In response to Putin, war correspondent Thomas Roeper reported, “The West is already an active part of the war for a long time…for sharing intelligence data is already participation in the war…I’m afraid there will be a Russian reaction that the West is not going to like, and then we are in a process of escalation steps that could lead to the unthinkable…Putin is right; attacking Russia with long-range weapons has to be managed by NATO soldiers.”
Eike Hamer, a German economist, said Western leaders “know the [Ukraine] war is basically over, they can’t really win anything anymore. The next step will be an unconditional surrender of Ukraine, i.e., NATO. This is what they are facing and somehow desperately trying to avoid.”
With an unconditional surrender of Ukraine and the restoration of Ukraine as a province of Russia, not only does NATO’s effort to divide Russia fail, but Russia becomes a world power again. As Alexander Dugin said recently, this will be a “new world,” the beginning of multipolarity, and Russia will then intervene to free Palestine. That is what the West wants to stop.
Dugin continued, “If the West will be obliged to divide their power [between Ukraine and West Asia], we immediately win in Ukraine, but Russia with Ukraine won is a different Russia…as Ukraine will be ours totally there will be a new world, a multipolar world, so there will be multipolarity now.”
Western leaders are hoping Russia will do nothing in response to missile strikes deep inside their country, as when Russia did not respond to two May 2024 attacks on its early warning radars in Armavir and Orsk.
But Theodore Postol, MIT Professor and US Chief of Naval Operations advisor, warns, “We may have come close to a nuclear exchange on May 22 due to a reckless Ukrainian drone attack on two Russian strategic nuclear early warning radars at Armavir.
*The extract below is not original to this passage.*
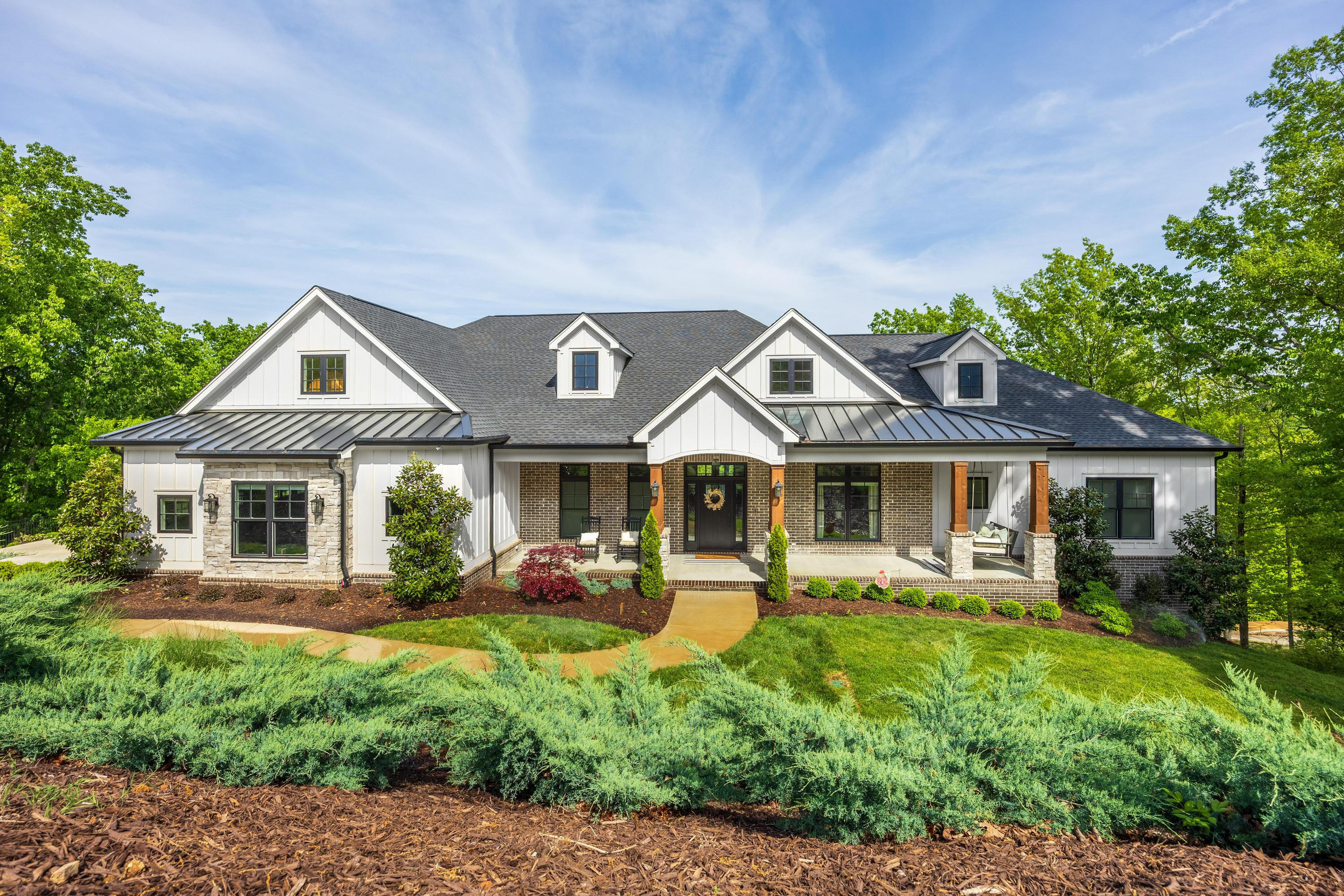 2214 Horizons View Drive — photo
Fortunately, a subsequent attack on a third radar station at Orsk in Russia on May 26 failed.” Armavir is 300 miles from Ukraine, while Orsk 930 miles away. All the talk of containing Ukrainian attacks to “a limited stretch of land near the Ukrainian border” was hot air, Postol argues.
“Since these radars form the singular foundation of Russia’s strategic nuclear early warning capabilities, any tampering with their functions in any unpredictable global situation is accompanied by very grave risks of misinterpretations of intentions that could lead to a massive launch of Russian nuclear forces,” wrote Postol.
Dmitry Suslov, member of the Russian Council on Foreign and Defense Policy, replied to the Ukrainian radar attack on May 30 on RT: “It’s time for Russia to think about a ‘demonstrative’ nuclear test”: “The US-led bloc has lost its fear of the mushroom cloud, but seeing one would perhaps focus some minds.” But under Putin’s new doctrine of “the Indivisibility of Security”—the alliance of Russia, China, the Democratic People’s Republic of Korea, Iran, and Yemen—what happens in Europe is connected to what happens in Asia; retaliation for a missile strike on Russia could come from anywhere, e.g., the DPRK or Yemen.
One final note: According to The Times, Kiev regime soldiers could use a GPS signal to guide Storm Shadow missiles to their targets inside Russia, but Russia jams the GPS, which is why the Kiev regime needs to use US satellite data.
This story seems phony to me.
First of all, US intelligence has been guiding Kiev targeting since 2022, for example, in their attacks on Crimea. Second, Russia has been jamming Kiev’s aggressive use of GPS since early in the war, so Kiev’s inability to use GPS is nothing new. Certainly, the U.S. Army would also jam the GPS signal if its enemies were using it.